**WHAT THIS TASK INVOLVES:** Among the entries below, only the lines from the one with "Yacht charter Port" through the one with "Pastelist. üç boyutlu" are to be retyped, exactly and without pictures.

(Scraped caption text data)
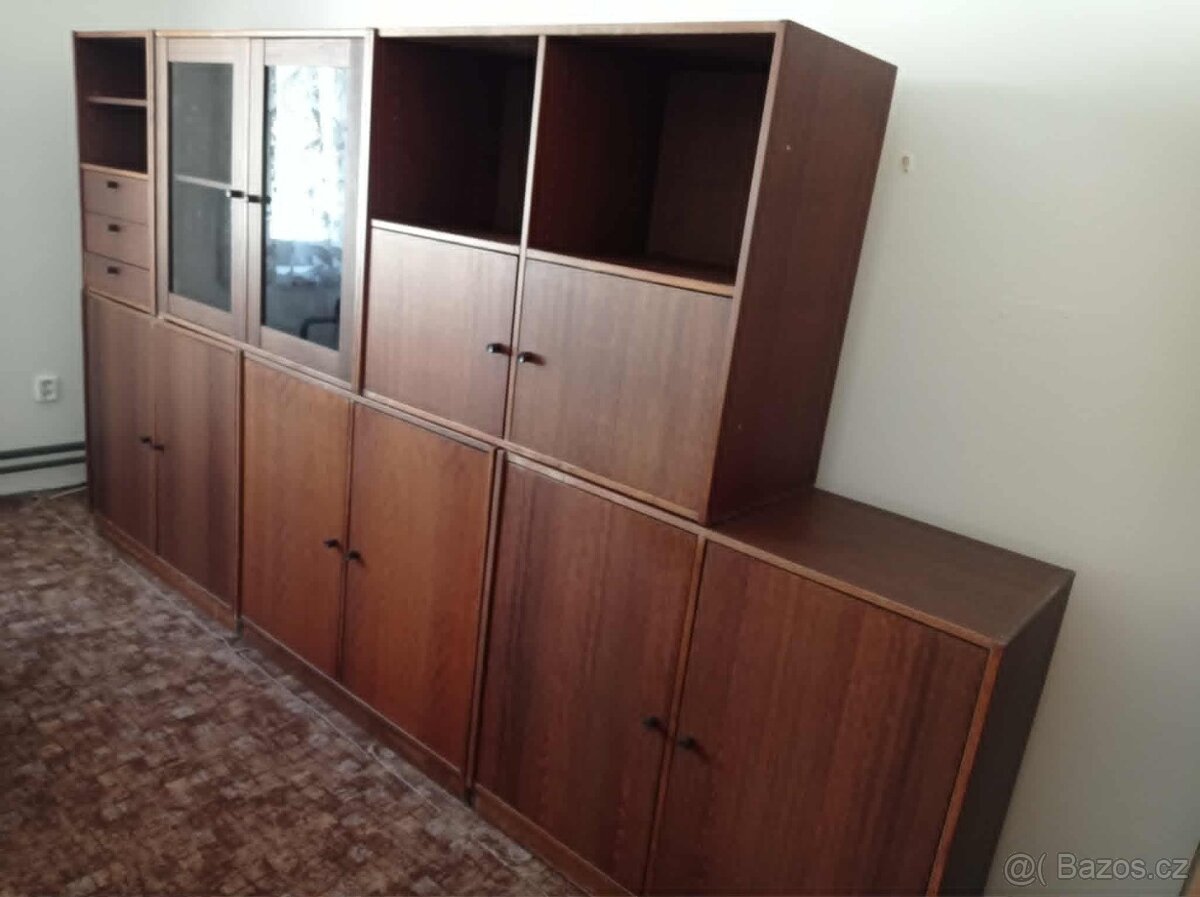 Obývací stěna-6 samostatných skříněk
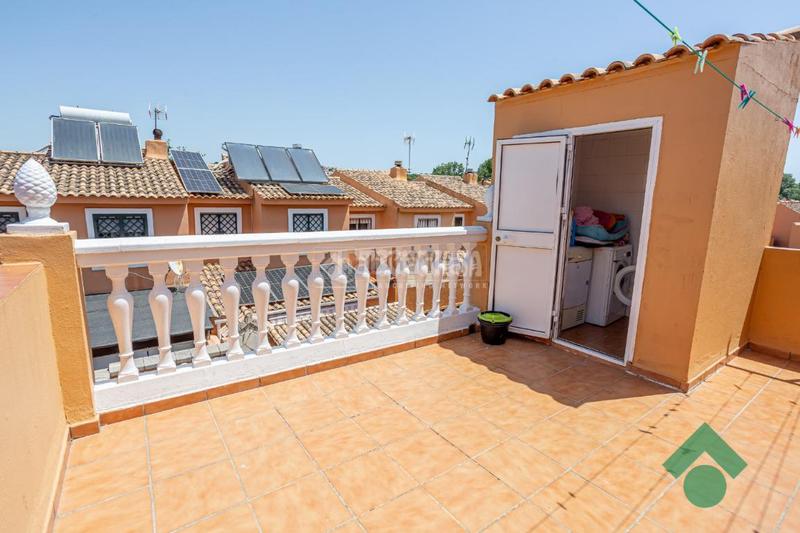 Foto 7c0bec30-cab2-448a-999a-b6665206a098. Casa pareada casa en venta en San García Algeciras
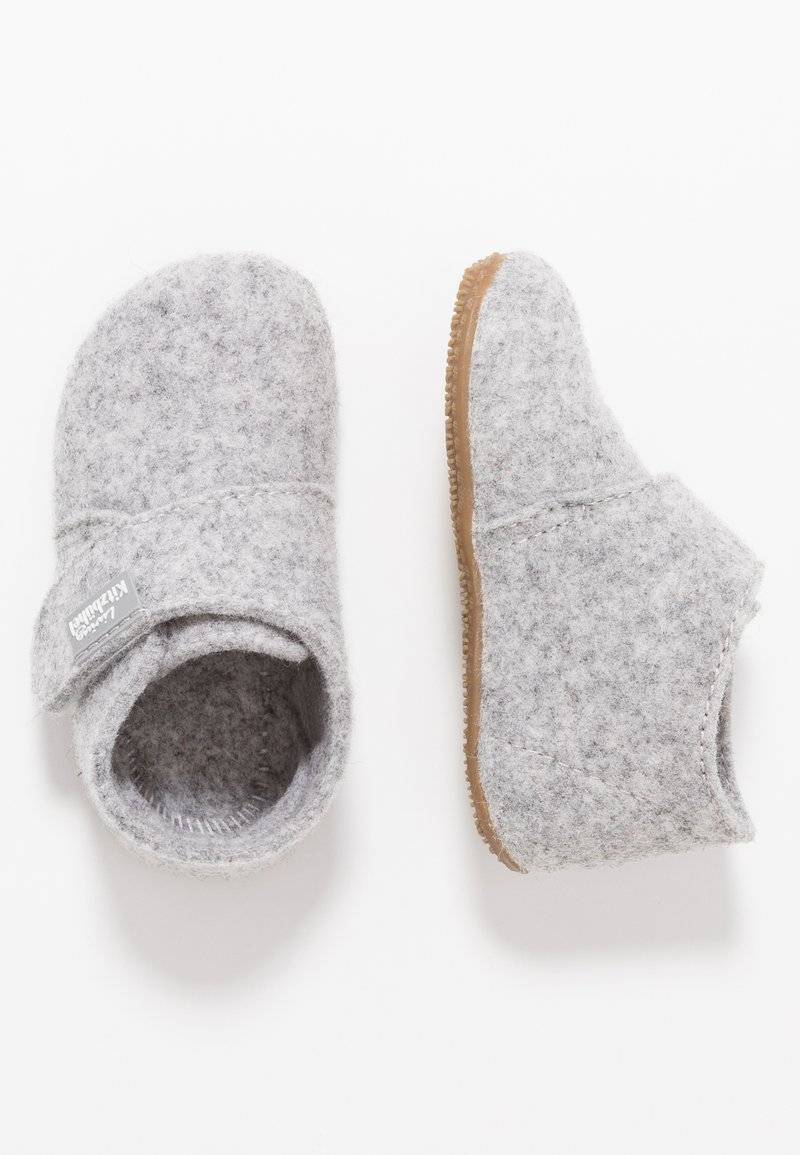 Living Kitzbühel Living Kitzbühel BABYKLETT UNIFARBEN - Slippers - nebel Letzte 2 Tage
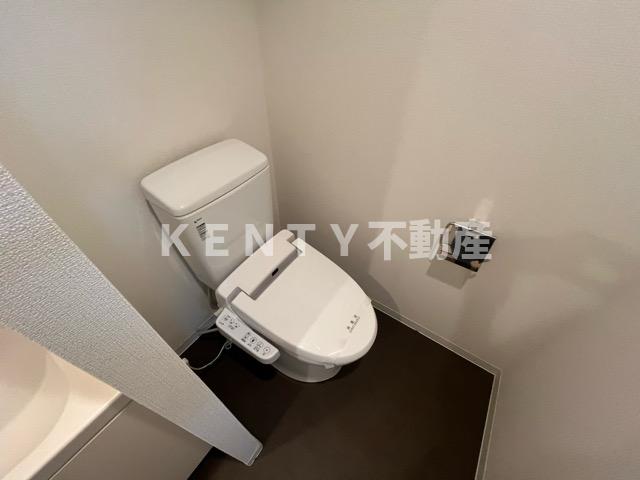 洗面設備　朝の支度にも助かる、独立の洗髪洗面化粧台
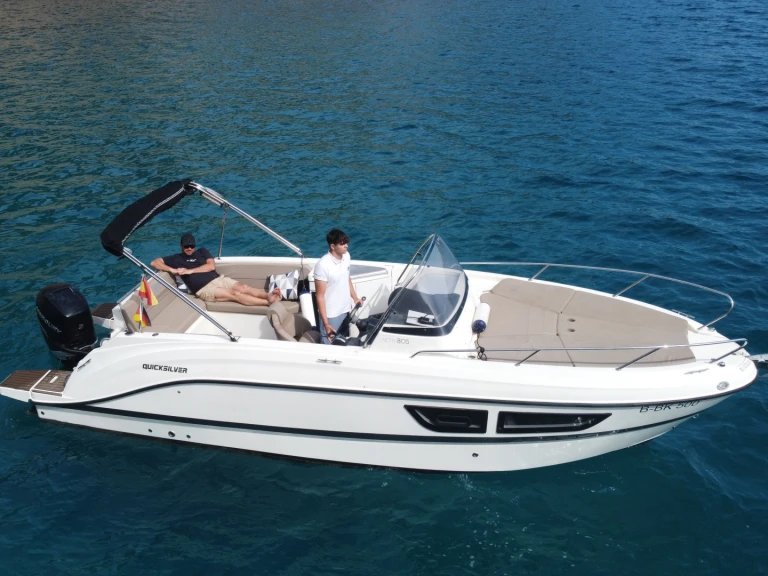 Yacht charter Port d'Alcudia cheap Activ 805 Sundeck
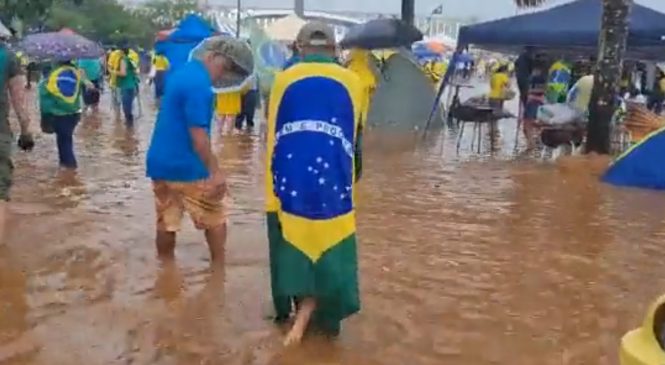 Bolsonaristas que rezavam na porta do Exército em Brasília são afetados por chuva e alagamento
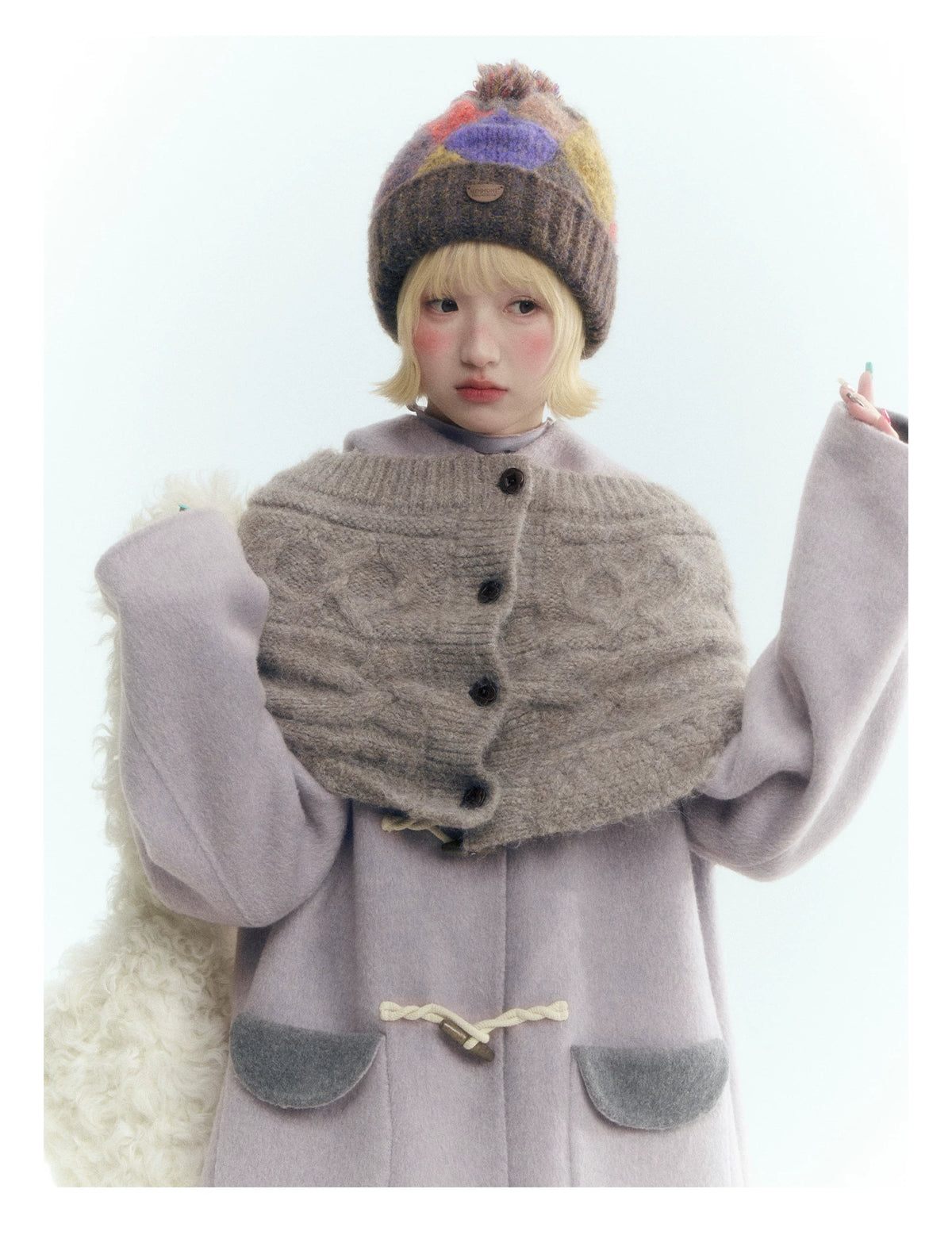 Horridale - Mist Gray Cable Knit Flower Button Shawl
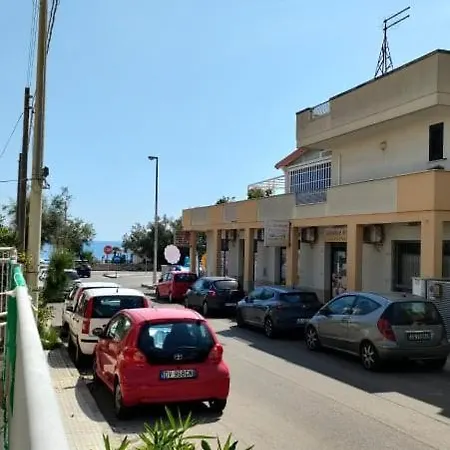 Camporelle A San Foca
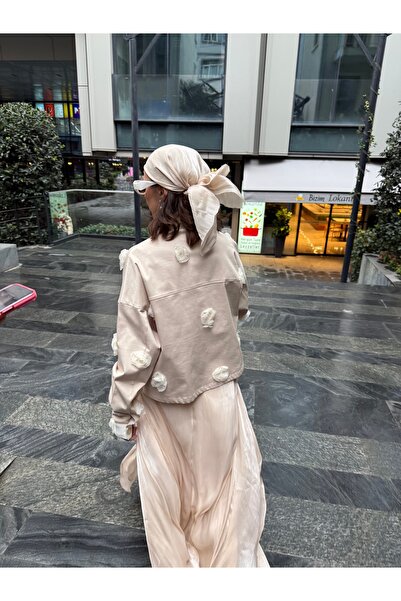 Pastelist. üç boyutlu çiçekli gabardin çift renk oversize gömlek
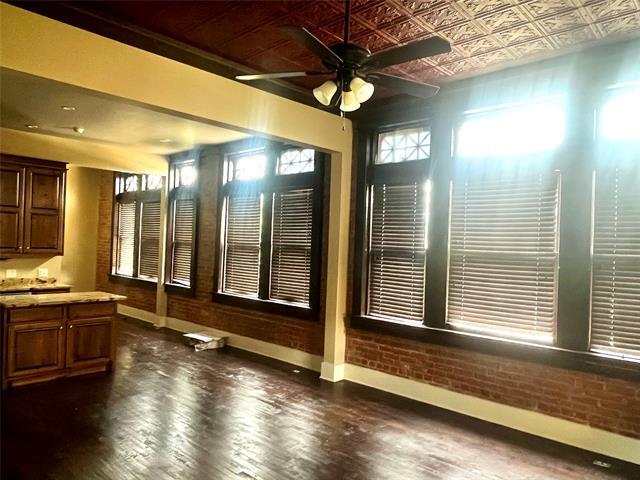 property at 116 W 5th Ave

**OUTPUT:**
 Yacht charter Port d'Alcudia cheap Activ 805 Sundeck
 Bolsonaristas que rezavam na porta do Exército em Brasília são afetados por chuva e alagamento
 Horridale - Mist Gray Cable Knit Flower Button Shawl
 Camporelle A San Foca
 Pastelist. üç boyutlu çiçekli gabardin çift renk oversize gömlek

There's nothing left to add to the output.